Stake out a post with a clear view of the western horizon — clear of tall buildings and trees. Seeing all planets may pose a problem, especially with Mercury and Jupiter. Also, find a good pair of binoculars to help spot the planets. Space.com recommends these spyglasses.
“Once you have found a proper viewing site, and with binoculars in hand, wait until approximately 20 to 25 minutes after the sun has set” writes Joe Rao, skywatching columnist for space.com. “And your viewing time is going to be short. Both planets will set beyond the horizon only 25 to 30 minutes later.”
This is just one of several celestial events this year.
Planetary march begins with Mercury, Jupiter
Shortly after sunset, Mercury (our solar system’s smallest planet) and Jupiter (the largest) will appear low in the western horizon.
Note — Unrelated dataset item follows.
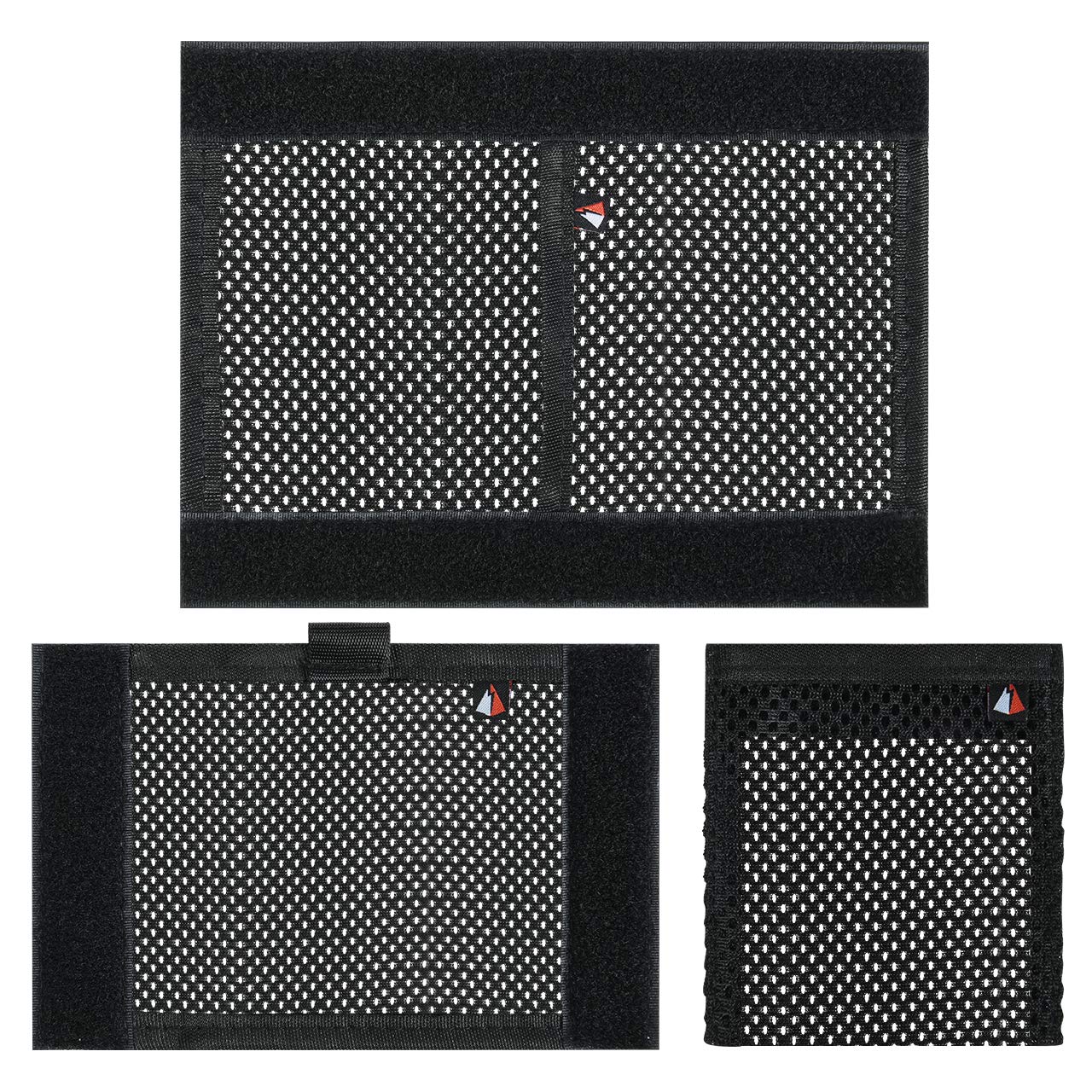 TXEsign Pack of 3 Sizes Hook and Loop Mesh Pockets Net Organizer for Securing Items in DSLR SLR Camera Insert/Video Bag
It will be difficult to spot them because of the sheen of the dying evening light. Use your binoculars. Mercury will be bright, and Jupiter even brighter.
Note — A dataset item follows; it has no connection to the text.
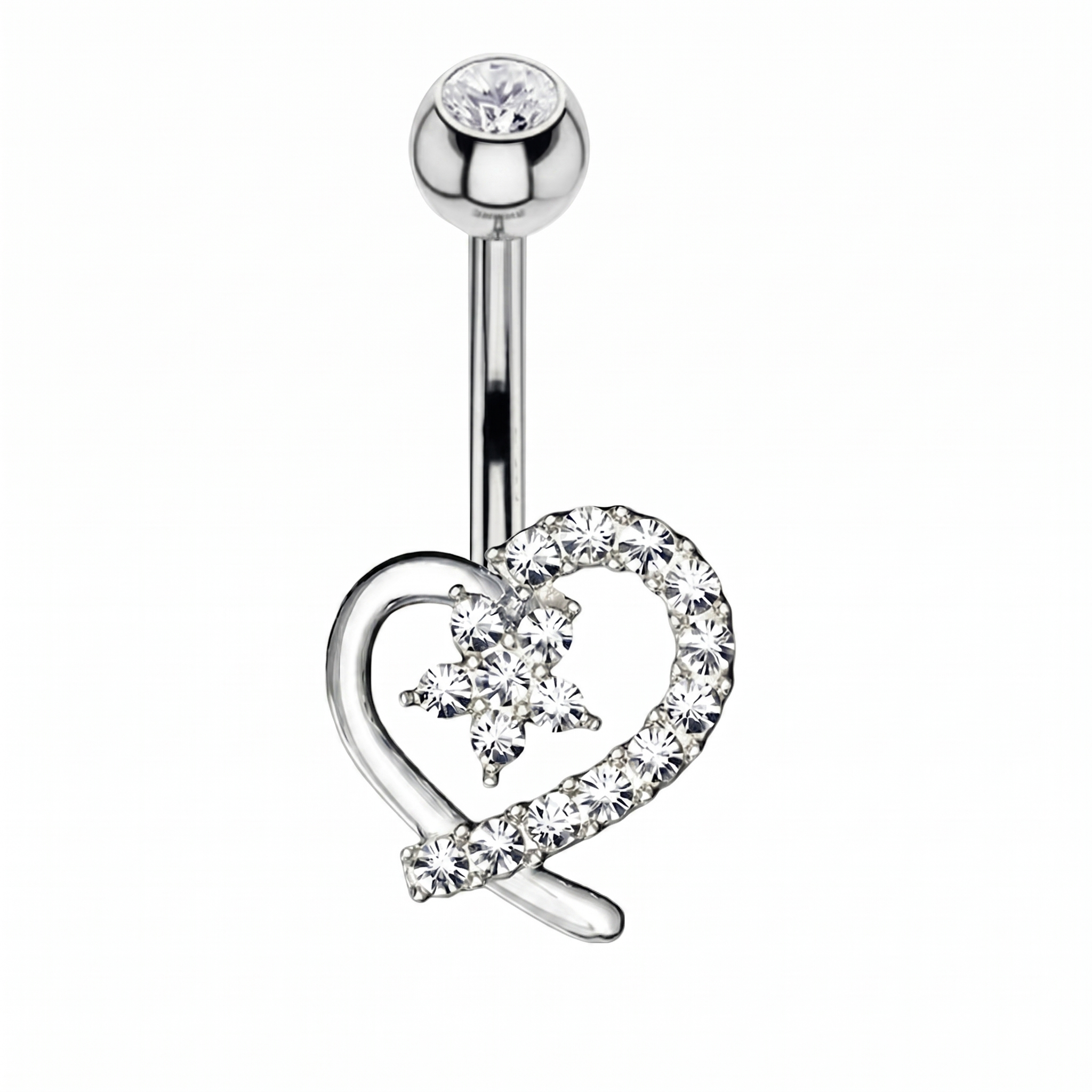 Celestial Heart Belly Ring – Timeless Silver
“Mercury will be to the right of brighter Jupiter. On the evening of March 27, they will be separated by just 1.3 degrees (just over one-finger width at arm’s length.),” according to Rao.
Then set your sights higher in the sky where Venus, the brightest of the bunch, will be easier to spot. Uranus will appear faint and you will definitely need binoculars. The reddish Mars can be spotted near the moon.
Although this is not a true planetary alignment, since the celestial bodies are not technically lining up, it is a good chance to see five planets all at once in the sky.
How rare is the planetary conjunction Monday?
The last time five planets were visible in the night sky was in 2020, according to livescience.com. Before that, we saw alignments in 2016 and 2005.
“Planetary alignments occur when the planets’ orbits bring them to the same region of the sky, when viewed from Earth. These planetary alignments are not rare, but they’re not regularly occurring, either,” according to the science website.